# need help to identify crossover points and slopes (schematic inside)



## Veedo (Sep 29, 2009)

this is an alpine spx pro crossover. i cannot find much info about the details of this crossover, strange, because it seems quite popular. if anyone could tell me the crossover points/slopes for the tweet and woofer, that would be huge. thanks.


----------



## Veedo (Sep 29, 2009)

no takers huh? can anyone point me in a direction that would help me figure this sucker out? i cant be the only one that would like to know!


----------



## XtremeRevolution (Dec 3, 2010)

At minimum, people will need to know the impedance of the tweeter and driver. 

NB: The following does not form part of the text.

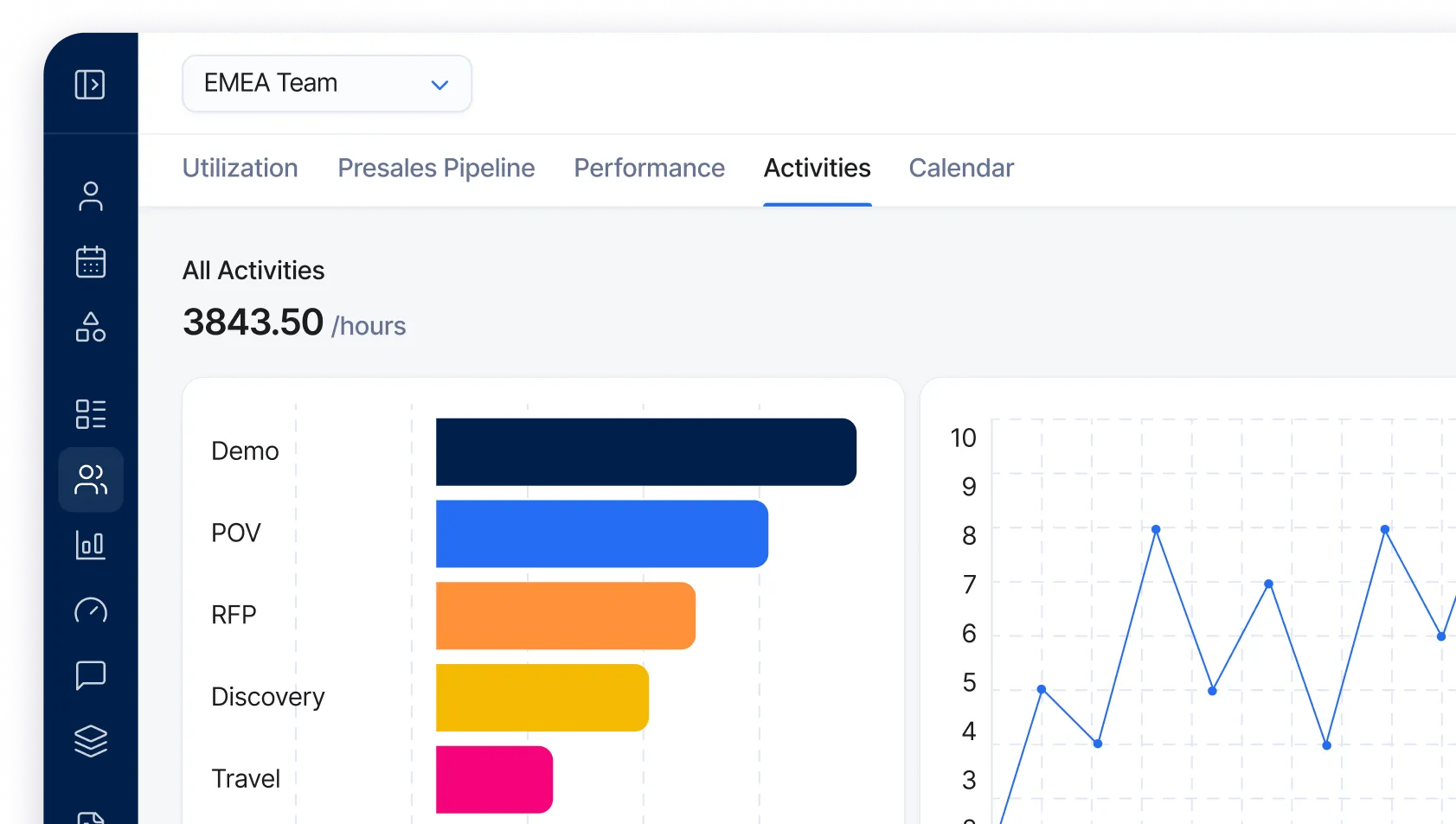 Dashboard screenshot showing EMEA Team activity hours with bar chart for Demo, POV, RFP, Discovery, and Travel activities and a line graph of data points from 1 to 10.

Posting this on techtalk.parts-express.com might get you more help. We design crossovers for home theater over there, so you'd get more help there.


----------



## Moon Track (Mar 10, 2011)

Crossover point is a quite relative term..
Low pass filter has 1st order, with all switches disabled it is tuned at 950Hz . 
With enabled J3 -1300Hz. 
J2 decreases quality of the filter (order). 
J1 is Zobel network , it decreases output from speaker at high frequencies starting from 4-5kHz .
Twitter network:
With shorten J4 the C3-L2 it is a second order for 3500Hz . Without J4 , third order and tuned a bit lower. Principally it is all. Resistors are for twitter attenuation.


----------



## Veedo (Sep 29, 2009)

hmm it wont let me edit my original post to put in the driver/tweeter info that i plan on trying with the crossover, so here they are. if anyone is interested in seeing the stock alpine speaker specs for which the crossover was designed for, they can be found in this pdf http://support.alpine-usa.com/products/documents/OM_SPX-17PRO.PDF here 

*Woofer*
Specifications 
Brand Peerless 
Model P830961 
Nominal Impedance(ohms) 4 
Power Handling RMS(Watts) 75 
Power handling Peak(Watts) 150 
Usable Frequency Range(Hz) 40-3000 
Magnet Weight(oz) 18 
Voice Coil Diameter 1.25 
Thiele & Small Parameters 
DC Resistance(Re) 3 
Mounting Information 
Overall Diameter 6.5 
Largest Diameter 7.125 
Bolt Circle Diameter 6.6875 
Baffle Hole Diameter 6 
Magnet Diameter 4 
Depth 3.375 
Mount Depth 3 

*Tweeter*
Brand Vifa 
Model 25CAR 
Nominal Impedance(ohms) 4 
Power Handling RMS(Watts) 75 
Power handling Peak(Watts) 150 
Usable Frequency Range(Hz) 1.8-23K 
Sensitivity(dB) 92 
Sheilded Magnet Yes 
Voice Coil Diameter 1 

thanks for the help moon! the woofer is passed at 1300hz? doesnt that seem a bit low? tweeter is around 3.5khz? is there a way to calculate the slopes too?


----------



## Moon Track (Mar 10, 2011)

It’s only 1st order (6db per octave). The order speaks about slope. The only difference is the type (Linkwitz ,Bessel,Butterworth ),it determines the shape of round part of the FR curve where the crossover point actually is.
There are more players than only filter and speaker resistance.
Speaker needs in less power to create the same level of acoustical pressure at higher frequencies, and these 1300 Hertz are pretty virtual. 
Those guys already played with this crossover. 
Google Tõlgi
Look at comment and graph with number three. It’s translation from Russian.
There is said that the LP settings do almost nothing for FR. Main changes are from HP settings.


----------